-- Items from a data source --
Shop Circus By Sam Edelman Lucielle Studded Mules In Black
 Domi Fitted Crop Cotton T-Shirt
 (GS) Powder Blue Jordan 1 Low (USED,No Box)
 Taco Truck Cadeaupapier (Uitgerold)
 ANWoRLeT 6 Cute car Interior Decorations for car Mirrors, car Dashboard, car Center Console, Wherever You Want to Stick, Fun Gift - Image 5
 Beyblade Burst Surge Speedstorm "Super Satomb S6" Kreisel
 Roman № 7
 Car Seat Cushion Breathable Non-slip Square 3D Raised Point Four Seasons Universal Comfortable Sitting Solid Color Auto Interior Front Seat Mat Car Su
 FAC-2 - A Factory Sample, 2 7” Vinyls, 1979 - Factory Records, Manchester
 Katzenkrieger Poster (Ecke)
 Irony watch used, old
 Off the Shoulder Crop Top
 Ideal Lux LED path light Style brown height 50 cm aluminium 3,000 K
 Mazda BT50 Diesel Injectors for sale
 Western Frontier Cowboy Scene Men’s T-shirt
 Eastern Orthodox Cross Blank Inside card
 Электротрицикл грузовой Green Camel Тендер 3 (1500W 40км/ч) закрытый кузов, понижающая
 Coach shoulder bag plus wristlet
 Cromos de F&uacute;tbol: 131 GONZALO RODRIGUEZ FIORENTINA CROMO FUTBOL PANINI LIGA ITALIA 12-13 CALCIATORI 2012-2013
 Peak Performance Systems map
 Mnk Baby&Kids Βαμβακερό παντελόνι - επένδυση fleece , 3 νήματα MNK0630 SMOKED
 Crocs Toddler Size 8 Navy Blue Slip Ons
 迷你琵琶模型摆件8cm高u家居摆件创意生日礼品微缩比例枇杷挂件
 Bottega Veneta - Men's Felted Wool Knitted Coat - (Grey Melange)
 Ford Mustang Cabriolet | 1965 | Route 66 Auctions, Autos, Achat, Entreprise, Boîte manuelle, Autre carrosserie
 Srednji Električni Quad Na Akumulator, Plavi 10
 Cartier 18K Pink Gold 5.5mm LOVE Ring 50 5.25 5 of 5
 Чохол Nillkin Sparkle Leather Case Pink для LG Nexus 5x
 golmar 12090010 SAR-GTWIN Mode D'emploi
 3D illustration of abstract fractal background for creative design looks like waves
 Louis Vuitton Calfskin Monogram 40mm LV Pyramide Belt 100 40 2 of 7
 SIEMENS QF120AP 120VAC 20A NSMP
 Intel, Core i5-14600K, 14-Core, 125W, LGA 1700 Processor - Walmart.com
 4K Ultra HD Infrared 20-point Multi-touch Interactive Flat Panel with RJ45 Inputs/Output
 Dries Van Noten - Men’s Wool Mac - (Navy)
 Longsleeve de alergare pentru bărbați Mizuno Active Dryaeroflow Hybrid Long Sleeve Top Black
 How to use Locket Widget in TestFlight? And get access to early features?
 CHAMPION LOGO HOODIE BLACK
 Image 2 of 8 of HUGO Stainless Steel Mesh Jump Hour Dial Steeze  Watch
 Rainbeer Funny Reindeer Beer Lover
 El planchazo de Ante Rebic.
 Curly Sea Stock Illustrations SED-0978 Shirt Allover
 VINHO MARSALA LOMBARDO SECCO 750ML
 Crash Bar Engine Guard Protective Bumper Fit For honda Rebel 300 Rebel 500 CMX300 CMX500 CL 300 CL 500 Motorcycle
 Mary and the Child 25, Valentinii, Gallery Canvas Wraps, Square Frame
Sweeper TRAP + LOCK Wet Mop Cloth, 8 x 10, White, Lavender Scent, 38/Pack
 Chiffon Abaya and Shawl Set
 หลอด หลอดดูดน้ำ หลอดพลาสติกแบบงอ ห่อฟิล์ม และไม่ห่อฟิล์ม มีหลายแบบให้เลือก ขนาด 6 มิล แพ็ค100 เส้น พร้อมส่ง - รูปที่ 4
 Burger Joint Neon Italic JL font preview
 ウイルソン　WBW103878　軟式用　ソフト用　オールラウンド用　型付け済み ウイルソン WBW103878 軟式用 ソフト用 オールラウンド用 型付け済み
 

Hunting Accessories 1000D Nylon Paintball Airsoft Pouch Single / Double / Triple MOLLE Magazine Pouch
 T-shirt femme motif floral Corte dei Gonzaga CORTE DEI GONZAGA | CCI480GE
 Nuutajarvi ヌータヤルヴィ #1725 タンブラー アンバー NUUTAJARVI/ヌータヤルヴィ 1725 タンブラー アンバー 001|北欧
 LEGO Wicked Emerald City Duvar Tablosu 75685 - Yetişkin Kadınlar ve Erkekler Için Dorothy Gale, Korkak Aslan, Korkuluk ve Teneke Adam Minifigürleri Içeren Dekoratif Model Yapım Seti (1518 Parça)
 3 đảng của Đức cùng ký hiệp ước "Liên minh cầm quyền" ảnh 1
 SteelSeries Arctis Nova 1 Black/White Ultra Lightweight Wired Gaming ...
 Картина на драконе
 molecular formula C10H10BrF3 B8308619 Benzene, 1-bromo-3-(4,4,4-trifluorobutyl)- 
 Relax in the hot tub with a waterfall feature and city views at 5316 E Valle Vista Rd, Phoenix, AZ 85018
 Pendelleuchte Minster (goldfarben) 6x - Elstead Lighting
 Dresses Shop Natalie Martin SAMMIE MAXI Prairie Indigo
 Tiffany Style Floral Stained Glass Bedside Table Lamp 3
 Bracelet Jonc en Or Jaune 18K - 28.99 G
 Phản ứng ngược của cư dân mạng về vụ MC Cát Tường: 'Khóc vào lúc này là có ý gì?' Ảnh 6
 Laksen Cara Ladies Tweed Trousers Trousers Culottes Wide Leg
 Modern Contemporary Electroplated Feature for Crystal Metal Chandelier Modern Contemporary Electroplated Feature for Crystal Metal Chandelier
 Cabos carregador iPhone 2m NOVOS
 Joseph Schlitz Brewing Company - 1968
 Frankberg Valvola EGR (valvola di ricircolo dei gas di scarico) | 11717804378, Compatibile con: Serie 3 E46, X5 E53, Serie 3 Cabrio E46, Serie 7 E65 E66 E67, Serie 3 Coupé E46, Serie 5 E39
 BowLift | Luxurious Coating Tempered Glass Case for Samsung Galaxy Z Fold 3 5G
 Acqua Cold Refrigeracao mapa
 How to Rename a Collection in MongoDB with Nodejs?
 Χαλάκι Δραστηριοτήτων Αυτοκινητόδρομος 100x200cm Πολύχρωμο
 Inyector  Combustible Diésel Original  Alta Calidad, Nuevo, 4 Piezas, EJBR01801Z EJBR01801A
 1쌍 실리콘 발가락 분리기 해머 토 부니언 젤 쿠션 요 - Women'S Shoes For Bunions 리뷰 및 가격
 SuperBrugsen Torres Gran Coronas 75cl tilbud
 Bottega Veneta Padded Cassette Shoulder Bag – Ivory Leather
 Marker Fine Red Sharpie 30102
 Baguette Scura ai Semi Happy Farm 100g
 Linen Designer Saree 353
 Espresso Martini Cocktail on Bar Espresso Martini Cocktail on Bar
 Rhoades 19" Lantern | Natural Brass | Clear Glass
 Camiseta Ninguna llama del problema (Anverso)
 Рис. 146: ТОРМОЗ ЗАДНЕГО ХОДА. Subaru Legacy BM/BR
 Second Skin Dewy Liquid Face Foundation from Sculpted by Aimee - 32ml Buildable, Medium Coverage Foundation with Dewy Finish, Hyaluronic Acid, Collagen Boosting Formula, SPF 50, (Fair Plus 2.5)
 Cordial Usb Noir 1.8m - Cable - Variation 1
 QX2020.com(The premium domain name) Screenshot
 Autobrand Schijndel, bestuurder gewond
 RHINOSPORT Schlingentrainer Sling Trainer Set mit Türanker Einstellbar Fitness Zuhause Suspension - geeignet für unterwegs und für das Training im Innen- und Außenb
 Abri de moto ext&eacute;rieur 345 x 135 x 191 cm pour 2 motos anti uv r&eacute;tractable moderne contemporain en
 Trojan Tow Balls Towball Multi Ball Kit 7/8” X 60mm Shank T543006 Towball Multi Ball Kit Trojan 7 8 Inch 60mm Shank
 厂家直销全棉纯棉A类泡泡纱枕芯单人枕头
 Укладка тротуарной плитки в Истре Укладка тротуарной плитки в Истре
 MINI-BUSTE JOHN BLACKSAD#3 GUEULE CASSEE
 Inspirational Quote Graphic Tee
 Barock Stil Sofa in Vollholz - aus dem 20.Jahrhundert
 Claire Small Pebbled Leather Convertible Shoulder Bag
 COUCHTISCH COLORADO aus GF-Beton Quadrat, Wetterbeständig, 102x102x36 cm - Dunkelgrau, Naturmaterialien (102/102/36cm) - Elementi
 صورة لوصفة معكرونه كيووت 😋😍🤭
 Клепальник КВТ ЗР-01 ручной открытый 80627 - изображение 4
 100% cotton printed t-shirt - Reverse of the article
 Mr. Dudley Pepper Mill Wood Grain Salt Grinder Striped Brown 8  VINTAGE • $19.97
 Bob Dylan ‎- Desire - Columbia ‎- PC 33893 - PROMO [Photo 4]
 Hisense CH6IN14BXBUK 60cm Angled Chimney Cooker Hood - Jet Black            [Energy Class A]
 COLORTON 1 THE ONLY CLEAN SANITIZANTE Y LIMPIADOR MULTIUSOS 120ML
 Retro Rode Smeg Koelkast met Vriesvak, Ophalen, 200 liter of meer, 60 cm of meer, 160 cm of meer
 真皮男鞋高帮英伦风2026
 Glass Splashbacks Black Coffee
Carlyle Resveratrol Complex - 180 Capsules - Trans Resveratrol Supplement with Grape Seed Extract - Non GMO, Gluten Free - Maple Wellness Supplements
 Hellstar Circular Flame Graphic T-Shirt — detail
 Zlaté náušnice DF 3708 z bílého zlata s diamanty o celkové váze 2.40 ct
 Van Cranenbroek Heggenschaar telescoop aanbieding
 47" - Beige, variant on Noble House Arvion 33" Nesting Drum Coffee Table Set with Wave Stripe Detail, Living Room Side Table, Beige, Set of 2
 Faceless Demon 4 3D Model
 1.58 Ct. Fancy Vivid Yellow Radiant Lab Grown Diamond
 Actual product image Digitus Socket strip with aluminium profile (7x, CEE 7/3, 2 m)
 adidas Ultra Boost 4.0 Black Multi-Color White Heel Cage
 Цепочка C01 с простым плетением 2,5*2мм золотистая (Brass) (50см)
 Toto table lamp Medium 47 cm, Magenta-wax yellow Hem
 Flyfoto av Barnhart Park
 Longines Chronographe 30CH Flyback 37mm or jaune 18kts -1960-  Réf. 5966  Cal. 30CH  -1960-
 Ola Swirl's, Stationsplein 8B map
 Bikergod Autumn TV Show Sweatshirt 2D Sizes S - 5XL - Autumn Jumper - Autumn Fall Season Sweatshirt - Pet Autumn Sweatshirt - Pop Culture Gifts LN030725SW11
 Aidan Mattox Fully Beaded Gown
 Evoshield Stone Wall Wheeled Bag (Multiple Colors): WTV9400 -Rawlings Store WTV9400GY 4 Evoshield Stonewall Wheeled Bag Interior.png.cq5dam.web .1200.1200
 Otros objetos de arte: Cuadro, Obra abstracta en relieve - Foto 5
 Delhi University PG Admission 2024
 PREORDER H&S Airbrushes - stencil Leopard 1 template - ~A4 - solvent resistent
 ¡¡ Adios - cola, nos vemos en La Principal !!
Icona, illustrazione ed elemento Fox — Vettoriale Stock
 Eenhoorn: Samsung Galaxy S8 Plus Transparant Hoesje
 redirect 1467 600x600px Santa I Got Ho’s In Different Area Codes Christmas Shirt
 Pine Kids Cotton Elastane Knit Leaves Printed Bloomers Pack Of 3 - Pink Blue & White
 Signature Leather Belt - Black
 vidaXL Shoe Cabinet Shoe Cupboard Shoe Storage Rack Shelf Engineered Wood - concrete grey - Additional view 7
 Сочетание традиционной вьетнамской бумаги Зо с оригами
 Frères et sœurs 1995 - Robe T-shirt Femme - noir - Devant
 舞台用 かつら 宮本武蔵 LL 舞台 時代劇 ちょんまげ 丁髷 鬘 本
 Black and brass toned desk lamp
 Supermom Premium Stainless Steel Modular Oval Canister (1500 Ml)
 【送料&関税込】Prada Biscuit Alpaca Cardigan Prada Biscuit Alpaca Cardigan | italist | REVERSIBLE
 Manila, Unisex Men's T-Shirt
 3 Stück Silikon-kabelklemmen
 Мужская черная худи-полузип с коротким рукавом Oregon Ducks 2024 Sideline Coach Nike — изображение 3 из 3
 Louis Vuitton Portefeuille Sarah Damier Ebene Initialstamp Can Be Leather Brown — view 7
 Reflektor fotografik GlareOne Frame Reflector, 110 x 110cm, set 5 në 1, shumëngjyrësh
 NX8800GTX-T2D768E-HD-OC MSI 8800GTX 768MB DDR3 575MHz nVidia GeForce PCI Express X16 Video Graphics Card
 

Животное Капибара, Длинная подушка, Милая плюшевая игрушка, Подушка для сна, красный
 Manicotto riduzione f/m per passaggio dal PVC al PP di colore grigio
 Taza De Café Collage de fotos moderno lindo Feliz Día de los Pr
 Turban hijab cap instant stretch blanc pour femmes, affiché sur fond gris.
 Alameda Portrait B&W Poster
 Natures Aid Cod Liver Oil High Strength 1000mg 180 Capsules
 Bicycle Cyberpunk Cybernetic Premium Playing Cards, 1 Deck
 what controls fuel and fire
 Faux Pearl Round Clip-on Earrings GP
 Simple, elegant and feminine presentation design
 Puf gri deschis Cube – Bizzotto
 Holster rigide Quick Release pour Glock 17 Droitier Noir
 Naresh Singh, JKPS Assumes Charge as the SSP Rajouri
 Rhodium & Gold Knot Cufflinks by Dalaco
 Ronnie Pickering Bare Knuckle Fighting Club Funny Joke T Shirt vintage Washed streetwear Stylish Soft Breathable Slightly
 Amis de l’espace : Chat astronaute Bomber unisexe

-- Task --
Starting at the first line of the data above, please restate word for word every line up to and including the one that holds "ANWoRLeT 6 Cute", and add nothing else.

-- Worked solution --
Shop Circus By Sam Edelman Lucielle Studded Mules In Black
 Domi Fitted Crop Cotton T-Shirt
 (GS) Powder Blue Jordan 1 Low (USED,No Box)
 Taco Truck Cadeaupapier (Uitgerold)
 ANWoRLeT 6 Cute car Interior Decorations for car Mirrors, car Dashboard, car Center Console, Wherever You Want to Stick, Fun Gift - Image 5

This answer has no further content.